Biegaczka w odpowiedzi na te słowa opisała pewną historię sprzed lat. Była nastolatką i ją też podejrzewano o... bycie mężczyzną. – Jakiś starszy pan podszedł do mojej trenerki i powiedział, iż ja jestem chłopcem – zwierzyła się Swoboda.

Na zakończenie wątku o pięściarkach z Tajwanu i Algierii showman dopytał swoją gościnię: czy na koniec w tym wszystkim gubimy sport, a taki spektakl służy MKOl?
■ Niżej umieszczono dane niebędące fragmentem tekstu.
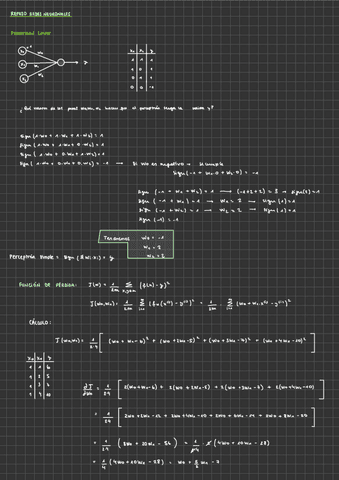 Repaso-Redes-Neuronales.pdf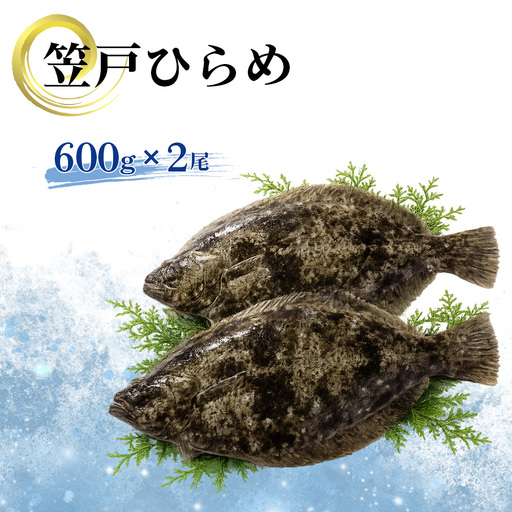 笠戸ひらめ / 魚 ヒラメ 鮃 ひらめ 鮮魚 刺身用 笠戸ひらめ 旬 魚介 下松 産地直送 新鮮 旨み 食感 海の幸 お取り寄せ ごちそう グルメ 家庭料理 下松市 山口県 特産品 No.003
Swoboda zareagowała twierdząco, ale jednocześnie gwałtownie ucięła ten temat rozmowy.

Quiz: Takie pytania padły w Wielkim Finale teleturnieju "Jeden z dziesięciu". Sprawdź się!


Przypomnijmy: udział Tajwanki Lin Yu Ting (podobnie jak Imane Khelif, która ostatecznie także zdobyła złoto) w tych igrzyskach w Paryżu był pod lupą, odkąd wyszło na jaw, iż oboje zostały zdyskwalifikowane z ubiegłorocznych Mistrzostw Świata za niespełnienie kryteriów kwalifikacyjnych dotyczących płci (chodziło o zawyżony poziom testosteronu i badania DNA, które wykazały obecność męskich chromosomów XY).
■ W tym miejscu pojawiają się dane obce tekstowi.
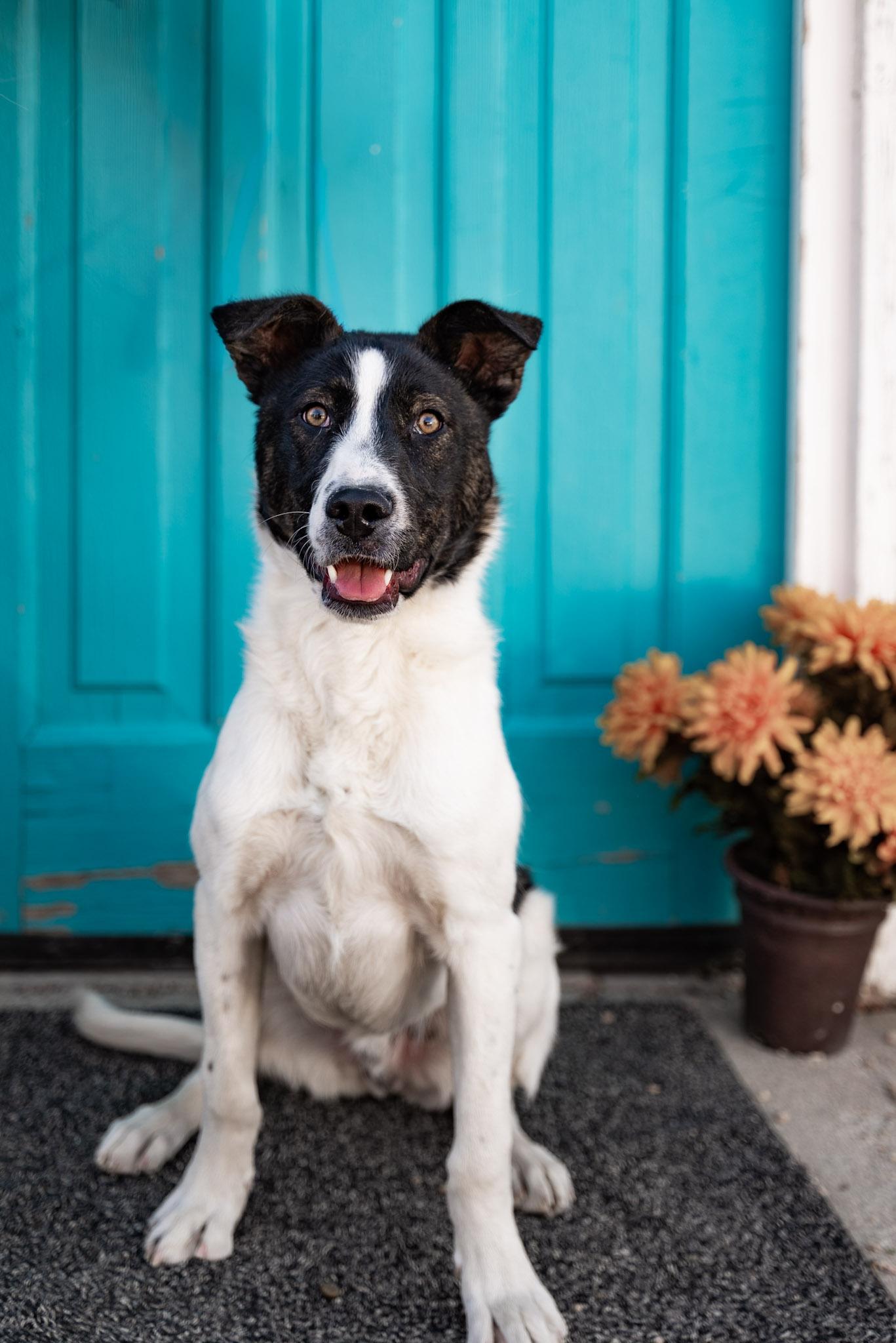 Enlarge 276-26 Duke, a ADOPTABLE mixed breed in Brighton, CO image 5/5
Start w IO Lin Yu Ting oraz Imane Khelif wywołał tyle kontrowersji, iż w ich sprawie wypowiedział się podczas zakończonych już igrzysk rzecznik MKOl (Międzynarodowego Komitetu Olimpijskiego) Mark Adams. – Wszyscy rywalizujący w kategorii kobiet przestrzegają zasad kwalifikacji do zawodów. I dodał: – W paszportach mają wpisane, iż są kobietami.

Sytuacja doprowadziła do tego, iż bokserki tłumaczyły w mediach, że... są kobietami. Głos zabierali też członkowie ich rodzin. Dodajmy, iż Polka Julia Szeremeta przegrała w finale na IO właśnie ze wspomnianą Tajwanką.

Na początku września wyszło na jaw, iż MKOl miał podjąć decyzję o ponownym przebadaniu Lin Yu-Ting i Imane Khelif. – Jako trener o tym nie myślę, igrzyska są za nami, a ja patrzę do przodu. Ale wiem, iż zarówno Yu-Ting, jak i Imane Khelif, były badane po finałowych walkach igrzysk – przyznał Tomasz Dylak, trener Szeremety w rozmowie z WP.